Under euro rules, the 19 eurozone countries must keep their budget deficits at or below 3% of annual GDP and debt may not exceed 60% of GDP. While seven countries received an admonishment that budget drafts might not comply with the rules governing the single currency, Finland was one of a shorter list where "the planned fiscal adjustments fall short, or risk doing so, of what is required."
Serious, but expected
Finland's Finance Minister Petteri Orpo reacted to the warning by saying that while the message heard is a serious one, it was to be expected.
"This did not surprise us. We've already been involved in this process with the Commission for a few weeks already. While the Commission did not ask us for a new draft budget, the situation continues to be worrying," said Orpo.

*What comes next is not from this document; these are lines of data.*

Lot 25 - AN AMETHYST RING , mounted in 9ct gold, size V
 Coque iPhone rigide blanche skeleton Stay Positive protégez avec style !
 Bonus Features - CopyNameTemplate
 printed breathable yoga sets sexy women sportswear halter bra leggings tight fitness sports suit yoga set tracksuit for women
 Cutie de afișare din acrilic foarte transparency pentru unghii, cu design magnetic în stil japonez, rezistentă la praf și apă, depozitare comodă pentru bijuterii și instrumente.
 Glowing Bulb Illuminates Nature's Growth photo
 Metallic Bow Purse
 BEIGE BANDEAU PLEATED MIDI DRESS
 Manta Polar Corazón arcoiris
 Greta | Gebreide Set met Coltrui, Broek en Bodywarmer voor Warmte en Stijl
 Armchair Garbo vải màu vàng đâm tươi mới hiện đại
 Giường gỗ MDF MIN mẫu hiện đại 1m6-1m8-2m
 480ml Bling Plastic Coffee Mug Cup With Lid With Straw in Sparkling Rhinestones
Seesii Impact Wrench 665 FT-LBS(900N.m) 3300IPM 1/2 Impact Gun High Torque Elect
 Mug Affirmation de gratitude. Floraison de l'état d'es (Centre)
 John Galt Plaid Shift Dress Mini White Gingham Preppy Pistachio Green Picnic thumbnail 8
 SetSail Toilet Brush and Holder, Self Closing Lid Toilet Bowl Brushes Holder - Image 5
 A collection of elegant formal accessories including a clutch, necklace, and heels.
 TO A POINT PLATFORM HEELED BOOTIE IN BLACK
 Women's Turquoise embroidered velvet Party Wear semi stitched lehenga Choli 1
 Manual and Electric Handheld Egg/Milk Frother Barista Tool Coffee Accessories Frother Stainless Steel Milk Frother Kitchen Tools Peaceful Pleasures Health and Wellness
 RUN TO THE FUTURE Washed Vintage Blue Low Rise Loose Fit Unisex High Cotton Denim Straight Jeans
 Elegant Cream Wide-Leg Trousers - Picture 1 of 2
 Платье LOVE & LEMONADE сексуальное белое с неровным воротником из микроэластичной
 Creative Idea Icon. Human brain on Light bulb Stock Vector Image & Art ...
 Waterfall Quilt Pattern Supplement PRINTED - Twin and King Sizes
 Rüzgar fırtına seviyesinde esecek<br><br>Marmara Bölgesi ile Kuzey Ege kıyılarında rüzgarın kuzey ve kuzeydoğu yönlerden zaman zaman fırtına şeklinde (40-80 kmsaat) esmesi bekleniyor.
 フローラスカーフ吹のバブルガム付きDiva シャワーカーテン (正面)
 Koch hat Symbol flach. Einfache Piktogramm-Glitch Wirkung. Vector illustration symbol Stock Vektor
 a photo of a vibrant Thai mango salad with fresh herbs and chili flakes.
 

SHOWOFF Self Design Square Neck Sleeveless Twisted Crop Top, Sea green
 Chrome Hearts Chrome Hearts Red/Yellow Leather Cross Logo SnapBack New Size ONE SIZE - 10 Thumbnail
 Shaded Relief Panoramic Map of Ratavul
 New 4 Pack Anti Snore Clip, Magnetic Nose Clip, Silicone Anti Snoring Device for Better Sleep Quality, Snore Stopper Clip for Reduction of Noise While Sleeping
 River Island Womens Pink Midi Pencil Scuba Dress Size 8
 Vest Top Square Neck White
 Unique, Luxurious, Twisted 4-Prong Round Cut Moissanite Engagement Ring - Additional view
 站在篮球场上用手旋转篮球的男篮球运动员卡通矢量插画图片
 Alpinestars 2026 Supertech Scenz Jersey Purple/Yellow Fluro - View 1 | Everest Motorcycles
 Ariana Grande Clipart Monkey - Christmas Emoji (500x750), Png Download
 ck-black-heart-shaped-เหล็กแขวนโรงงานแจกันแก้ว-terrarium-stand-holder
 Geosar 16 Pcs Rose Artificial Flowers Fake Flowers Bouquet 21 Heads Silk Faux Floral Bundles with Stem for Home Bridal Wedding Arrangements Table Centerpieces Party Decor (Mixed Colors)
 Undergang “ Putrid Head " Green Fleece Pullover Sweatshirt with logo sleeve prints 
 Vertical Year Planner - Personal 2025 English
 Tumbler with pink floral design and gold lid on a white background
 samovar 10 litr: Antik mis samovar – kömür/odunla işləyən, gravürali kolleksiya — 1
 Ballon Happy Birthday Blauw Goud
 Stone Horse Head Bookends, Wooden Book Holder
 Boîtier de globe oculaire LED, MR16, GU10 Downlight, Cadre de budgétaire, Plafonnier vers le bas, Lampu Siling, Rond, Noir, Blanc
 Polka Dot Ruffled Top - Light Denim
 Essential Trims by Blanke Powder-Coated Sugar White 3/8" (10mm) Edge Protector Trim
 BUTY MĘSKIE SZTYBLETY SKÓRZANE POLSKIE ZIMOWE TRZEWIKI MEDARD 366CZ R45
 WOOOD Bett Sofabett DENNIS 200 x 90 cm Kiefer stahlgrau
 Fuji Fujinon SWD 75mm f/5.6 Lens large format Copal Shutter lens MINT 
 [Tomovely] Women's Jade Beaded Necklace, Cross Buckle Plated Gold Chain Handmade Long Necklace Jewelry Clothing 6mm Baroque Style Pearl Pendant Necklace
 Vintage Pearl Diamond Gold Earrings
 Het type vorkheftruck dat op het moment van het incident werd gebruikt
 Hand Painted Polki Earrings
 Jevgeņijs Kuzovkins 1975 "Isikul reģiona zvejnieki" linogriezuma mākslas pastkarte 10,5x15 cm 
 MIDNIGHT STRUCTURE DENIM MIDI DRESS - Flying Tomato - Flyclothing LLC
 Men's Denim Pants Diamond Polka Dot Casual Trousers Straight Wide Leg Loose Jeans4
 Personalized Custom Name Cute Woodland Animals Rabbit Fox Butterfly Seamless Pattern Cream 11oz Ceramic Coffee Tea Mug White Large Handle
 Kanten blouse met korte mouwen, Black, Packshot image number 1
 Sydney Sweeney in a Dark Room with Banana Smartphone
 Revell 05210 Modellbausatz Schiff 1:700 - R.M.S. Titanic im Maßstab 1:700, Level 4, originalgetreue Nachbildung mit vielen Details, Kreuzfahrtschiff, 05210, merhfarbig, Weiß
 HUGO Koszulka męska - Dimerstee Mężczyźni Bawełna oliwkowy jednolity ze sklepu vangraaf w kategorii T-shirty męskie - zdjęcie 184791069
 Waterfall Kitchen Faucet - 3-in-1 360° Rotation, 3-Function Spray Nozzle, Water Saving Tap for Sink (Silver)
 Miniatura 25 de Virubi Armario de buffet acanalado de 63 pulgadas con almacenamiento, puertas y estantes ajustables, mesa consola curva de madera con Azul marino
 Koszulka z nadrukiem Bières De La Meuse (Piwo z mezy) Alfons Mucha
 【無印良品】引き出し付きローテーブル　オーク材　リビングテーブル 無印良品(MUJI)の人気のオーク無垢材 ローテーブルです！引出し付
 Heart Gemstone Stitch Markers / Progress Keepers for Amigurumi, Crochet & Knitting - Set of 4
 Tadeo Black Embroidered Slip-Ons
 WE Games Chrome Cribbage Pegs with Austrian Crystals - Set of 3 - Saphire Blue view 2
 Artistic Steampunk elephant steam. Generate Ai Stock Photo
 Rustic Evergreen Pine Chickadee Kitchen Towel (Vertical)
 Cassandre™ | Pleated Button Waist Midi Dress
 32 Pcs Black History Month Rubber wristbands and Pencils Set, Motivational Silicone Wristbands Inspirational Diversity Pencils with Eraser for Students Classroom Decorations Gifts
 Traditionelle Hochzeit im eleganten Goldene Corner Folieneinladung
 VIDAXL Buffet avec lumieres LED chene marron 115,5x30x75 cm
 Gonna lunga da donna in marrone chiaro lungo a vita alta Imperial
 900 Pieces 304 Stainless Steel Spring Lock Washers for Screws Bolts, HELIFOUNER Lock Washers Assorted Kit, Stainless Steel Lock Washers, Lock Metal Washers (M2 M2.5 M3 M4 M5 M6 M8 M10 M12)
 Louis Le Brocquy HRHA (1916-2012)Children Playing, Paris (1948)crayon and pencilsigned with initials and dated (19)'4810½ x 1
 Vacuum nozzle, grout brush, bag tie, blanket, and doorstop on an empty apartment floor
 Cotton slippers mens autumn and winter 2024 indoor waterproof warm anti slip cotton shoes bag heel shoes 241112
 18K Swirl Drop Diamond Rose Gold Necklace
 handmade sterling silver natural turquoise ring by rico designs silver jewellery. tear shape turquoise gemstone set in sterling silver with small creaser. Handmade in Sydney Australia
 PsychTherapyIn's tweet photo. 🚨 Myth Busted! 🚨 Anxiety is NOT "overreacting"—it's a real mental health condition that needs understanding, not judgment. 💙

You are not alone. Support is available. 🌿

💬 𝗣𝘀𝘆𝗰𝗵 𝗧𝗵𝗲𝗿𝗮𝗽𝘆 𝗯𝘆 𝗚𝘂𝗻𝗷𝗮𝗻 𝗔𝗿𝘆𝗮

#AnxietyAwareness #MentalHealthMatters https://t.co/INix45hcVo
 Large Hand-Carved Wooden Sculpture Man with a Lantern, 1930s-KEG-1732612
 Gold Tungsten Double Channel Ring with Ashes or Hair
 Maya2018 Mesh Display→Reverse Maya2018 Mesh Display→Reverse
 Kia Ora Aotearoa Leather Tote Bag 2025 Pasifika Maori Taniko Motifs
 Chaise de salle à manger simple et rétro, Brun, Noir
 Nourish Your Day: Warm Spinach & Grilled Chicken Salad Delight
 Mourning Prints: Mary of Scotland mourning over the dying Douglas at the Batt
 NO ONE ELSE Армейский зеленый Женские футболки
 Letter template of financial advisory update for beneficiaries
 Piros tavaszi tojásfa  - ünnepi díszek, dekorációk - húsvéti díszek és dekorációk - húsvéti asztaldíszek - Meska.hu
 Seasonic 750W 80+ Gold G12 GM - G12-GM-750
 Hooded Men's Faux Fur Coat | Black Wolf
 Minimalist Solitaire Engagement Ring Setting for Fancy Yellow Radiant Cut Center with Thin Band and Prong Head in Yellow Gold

The Commission's judgment is, however, conditional. Finland can still avoid sanctions by pointing to the structural reforms that are being implemented.
This, according to Orpo, may require even more strict adherence to savings measures and efforts to boost employment. He added that carrying out reforms in the economy to create jobs is crucial. If the economy and employment do not improve in time for the Commission's next interim review in April, the government will have to impose further austerity measures.
Finland has several times come close to being subject to EU excessive debt procedures. Last spring the EU Commission decided that even though Finland had exceeded the 60% limit of debt to GDP, it was still in overall compliance with the Stability and Growth Pact.
Prime Minister Juha Sipilä stated in September 2015 that becoming subject to excessive deficit procedures would in practice mean that decision-making power concerning budget cuts would shift to the EU Commission.